Grumpy Old Man


A grumpy old man checked in. I could tell from his body language that he was in a bad mood, and somehow, it’s probably my fault. He approached my desk, and gave me his name. Sometimes my computer freezes, and I have to wait a moment for it to work properly. It only happens when I have impatient people in front of me. He scolded me for taking too long. It took an extra 20 seconds. I checked him in quickly. I even skipped a few basic questions about his travels, just to get him away from me faster. The man left to park his car, then returned a short time later.
“I tried getting in the side door, but the key doesn’t work.” He said, scolding me again.
“I’m sorry about that. I will put in a work order for maintenance to look at it in the morning.”
He stood there staring at me. Grumpy people always stare at me when they are searching their brains for something else negative to respond with. It’s like their brains are working with a weak WiFi signal, on and old dial-up connection. My answer was not good enough for him.
“Well, how will that help me right now?”
“Do you want help carrying your luggage from your car?”
“No. I have everything right here”
“O.K. Will you be needing to use that door again tonight?”
“No. I plan to go to sleep.”
“If you don’t plan on using the door again, I’m not sure what I am supposed to do about this.”
The man started searching his brain for another reason to continue this discussion going. The door issue would not be resolved, and he was going to make sure of it.
“What if I need to get to my car for some reason?”
“Well, if the parking on that side of the building is inconvenient, I can offer you a space in the handicapped parking. You will be able to park right next to this door.”
“Do I look disabled to you?”
“I’m just offering you a more convenient parking space.”
“I don’t want to risk it getting towed.”
“I promise not to have your car towed. You can park right next to this door if you want to.”

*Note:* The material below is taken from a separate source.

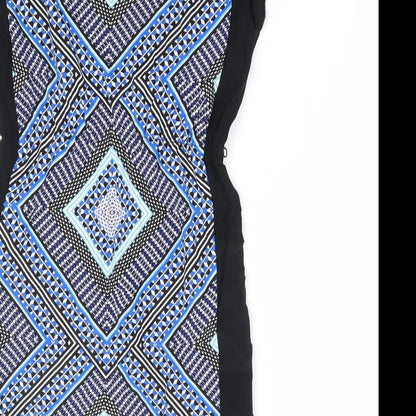 Oasis Womens Blue Geometric Viscose Fit & Flare Size XS Round Neck Pullover - Elastic Waist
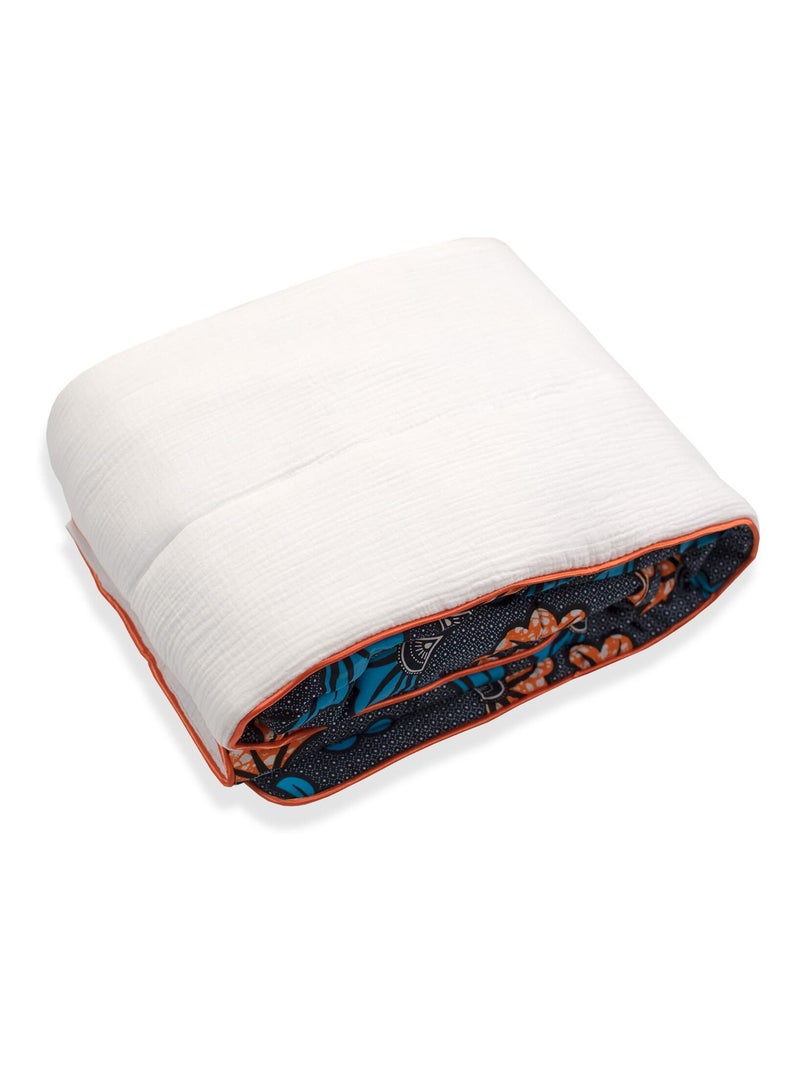 Sevira kids | couverture réversible wax fleurs de mariage Blanc Multicolore - Kiabi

He looked confused. It’s difficult to find a reason to get mad at people for offering to make things more comfortable for them, but that man has plenty of good old-fashioned determination.
“Well, if my card doesn’t work on that side door, then how do I know that it will work on my room door?”
“I can make you a new set of keys if you want.”
“How do I know they will work? I want you to check for me.”
“You want me to check to see if the keys work in the door?”
“Yes.”
“I have no way to check if the key works on the door from here. I can only program the key to work on that door. It should work just fine.”
“Well, it didn’t work on that side door.”
“That is just an issue with the card reader for that side door. It doesn’t mean your room door won’t open.”
“And how the hell am I supposed to know it if will work?”
“You put the key-card in the card reader.”
“What if it doesn’t work?”
“I will make you a new one, and because you have been inconvenienced, I’ll add 1,000 points to your rewards club profile.”
“Now that’s more like it.”
The man walked away, and never returned. His keys must have worked, or he died of a stroke on his way to his room. I’ll find out when I deliver receipts later, unless a horrified guest discovers him first.